Notre guide s’appelle Rosaline, née d’un père d’ici (créole) et d’une mère indienne « d’Amazonie » sans plus de précision. Elle a un projet de gîte et de visites guidées dans la région, projet financé par la Région, mais elle est incapable de citer le nom d’un arbre ou d’un oiseau, malgré le fait qu’elle "aime la nature". A 19 ans s’est engagée dans l’armée, ce qui l’a conduite en métropole, où elle fut serveuse, entre autres. Elle est revenue il y a un an et demi avec ce projet de gîte ce qui l’a obligée à faire des allez retours à Cayenne. Elle est fille du premier adjoint, nièce du maire de Ouanary. Sa famille la soutient, mais je n’arrive pas à déterminer ce qu’elle entend par "famille", ni combien de familles il y a dans la communauté. D’ailleurs tout le monde ici parle en nombre d’habitants et pas en nombre de famille, schéma de pensée très différent de ce qui a cours au Brésil.
Elle définit le travail comme étant le fait d’avoir un poste dans l’administration, l’abattis n’étant pas considéré comme un travail (la rémunération de l’abattis, c’est le RMI). Elle suggère que ce sont les gens d’ici qui ouvrent les abattis, mais la présence d’un Galibi Marworno suggère le contraire.

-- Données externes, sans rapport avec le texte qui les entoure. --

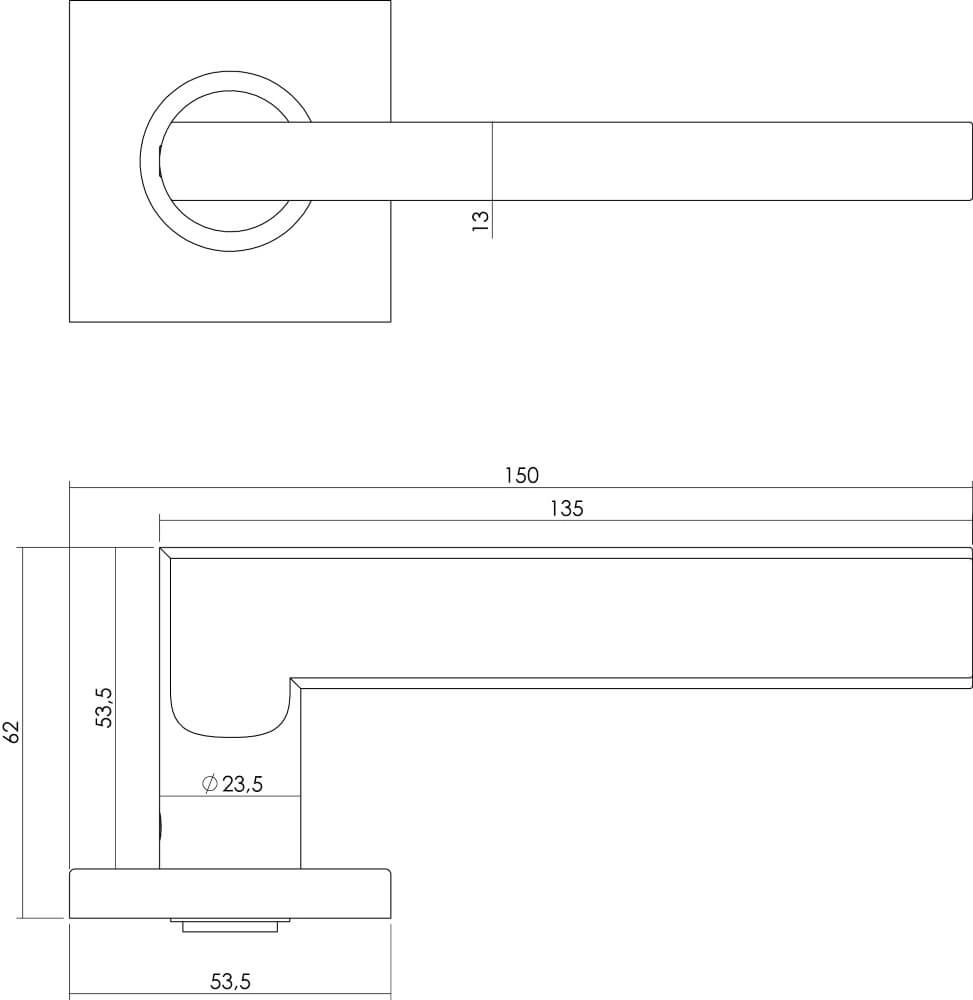 Flat door handle Hoek 90 on rosette stainless steel Intersteel 8714186173732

Découvrant sur un sommet pierreux un abattis, je lui demande si elle se rend compte que la forêt ne repoussera pas ici – oui, oui, dit-elle, mais ici nous ne plantons pas de manioc, seulement de l’ananas. Le problème, lui dis-je, c’est que déboiser le sommet entraîne le lessivage des pentes ; toute la forêt en contrebas sera affectée, elle qui pousse également sur un sol très pauvre. Je lui demande alors s’il y a eu des réunions à ce sujet – pas à sa connaissance. Elle ne sait pas si on discute collectivement ce genre de problèmes.
A propos de son projet, Gombauld est mesuré : il m’explique que le PNRG retarde le plus longtemps possible d’officialiser les initiatives économiques locales de peur que le faible chiffre d’affaires ne soit torpillé par les charges sociales. On souhaite dit-il maintenir autant que possible le travail informel, qui favorise la pluri-activité. Le PNRG a quoi qu’il en soit dans ses cartons un projet d’incubatrice.
Tout au long du chemin, des cartouches, des centaines probablement, ce qui indique que les autochtones ne se fatiguent pas beaucoup pour aller chasser. Le vieux tonton qui nous accompagnait fatiguait dans les montées.
Nous quittons Ouanary : les Français sur le ponton nous saluent au soleil couchant.
Retour à la nuit tombée ; Kelly, Lux et moi nous dînons chez Rona, et nous parlons d’Indiens et de préservation de l’environnement, ce qui conduit à une légère dispute, Lux passant son temps à affirmer que son équipe pourrait parfaitement assumer l’enquête sur la viabilité des projets de développement durable que moi-même je propose de faire.
Je l’interromps donc en lui rappelant que les indigénistes se moquent de la préservation de l’environnement, qu’il a suffit que je confie au groupe de recherche de l'Université de São Paulo mon souci face à la destruction de l’Amazonie pour me voir traité « d’écoshiite ». Et Lux de me reprendre, « c’est un processus très lent, mais on y arrive, on y arrive, après beaucoup de discussions et de connaissances », « il faut parfois dix ou quinze ans d’observation… », « mais les indiens sont très conscients… ».
Ces remarques ont le don de m’irriter, puisqu’elles suggèrent que je ne sais pas où je mets les pieds. Or, lui dis-je, toute notre différence réside dans l’objectif final. Pour moi, la conscientisation des Indiens est un moyen au service d’une fin qui est la protection des milieux naturels. Pour les Indigénistes, la préservation du milieu est secondaire, sa destruction n’étant que déplorable. On ne relâchera pas les vains efforts et les actions inutiles pour sauver le peu qui reste jusqu’à ce qu’il n’y ait plus rien à sauver. Lux secoue la tête, répétant à Kelly: "O rapaz é complicado" - ce garçon est compliqué.